Site visit rate: 9.4% (benchmark: 10–20% — we are at the bottom of the range but within it). Booking rate from site visits: 11% (benchmark: 5–15% — we are mid-range, which is solid). The funnel is working. It is not failing. The constraint is the lead-to-site-visit conversion — which is a combination of lead quality and sales team follow-up speed.
Lead quality finding: Our top 3 converting keywords (by site visit rate) are "[keyword A]" (22% site visit rate), "[keyword B]" (18%), and "[keyword C]" (16%). Our bottom 3 — all still in the campaign — are "[keyword D]" (1%), "[keyword E]" (2%), "[keyword F]" (0%). These bottom keywords are generating 31 of our 96 leads but producing zero site visits. They're dragging our overall site visit rate down from what would otherwise be a 14–15% rate. Sales process finding: Of 9 leads who booked site visits, 7 were called within 30 minutes of form fill. Of the 87 who didn't visit, average call-back time was 4.2 hours. Speed of follow-up is a major factor in the site visit conversion gap.
Week 1: Pause the three zero-site-visit keywords. Reallocate their budget (₹18,000/month) to the three highest-performing keywords.
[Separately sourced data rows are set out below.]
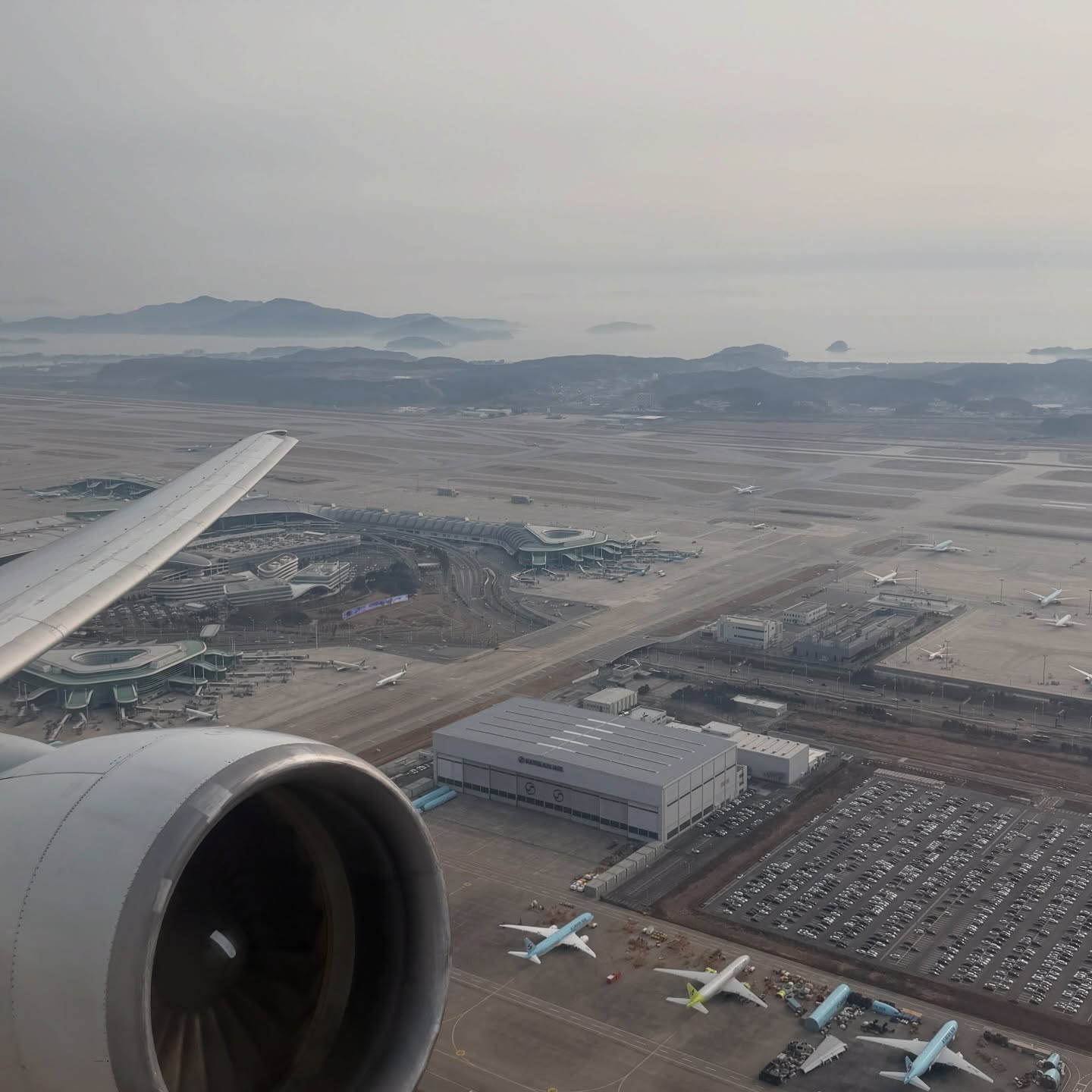 ซี - พฤกษ์ พานิช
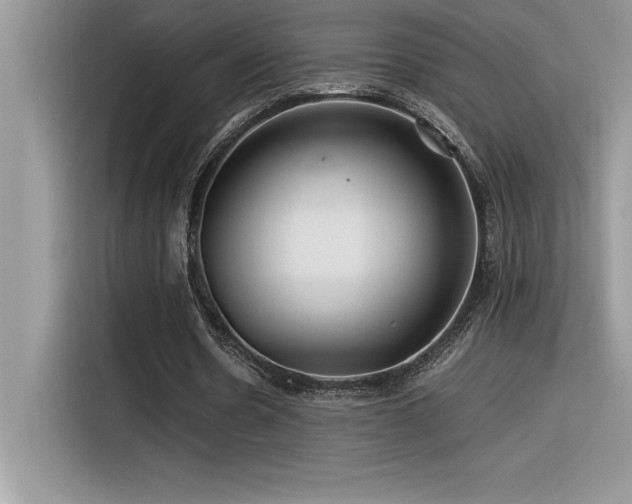 X0000116390530200912021541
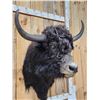 Image 3 : SCI Gold Award Yak Shoulder Mount Taxidermy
Switch bidding from Manual CPC to Enhanced CPC — we now have 96 conversions, which is 3× what's needed for Enhanced CPC to work with meaningful data. Week 2: Activate remarketing for the first time. Build audience from 90 days of landing page visitors (est. 3,200+ non-converting visitors). ₹15,000/month remarketing budget added. Week 3: Introduce 30-minute response time protocol with sales team. Track and report call-back speed weekly. This one change could increase site visit rate by 4–6 points based on industry data. Week 4: A/B test new landing page variant with updated ad copy specific to the Diwali/post-festive period.
Target: 80–90 leads at ₹2,300 CPL or better. Site visit rate: 14–16% (up from 9.4%) through keyword cleanup and faster sales response. Bookings in process: 2–3 (up from 1) through remarketing activation and improved follow-up. Stretch goal: if Enhanced CPC performs well in Month 4, have enough data to evaluate Target CPA move in Month 5.
The one thing to say directly to the client: "You're right that one booking over 90 days is not where we want to be. But the data tells me that the campaign structure is producing qualified leads — the 11% booking rate from site visits proves that. The problem is not the quality of leads we're generating. The problem is that not enough of them are showing up. Half of that is a targeting fix I'm making this week. The other half is a response time issue I need the sales team to help solve. Give me 30 days with both fixes in place. I expect to show you 3 bookings in the next review."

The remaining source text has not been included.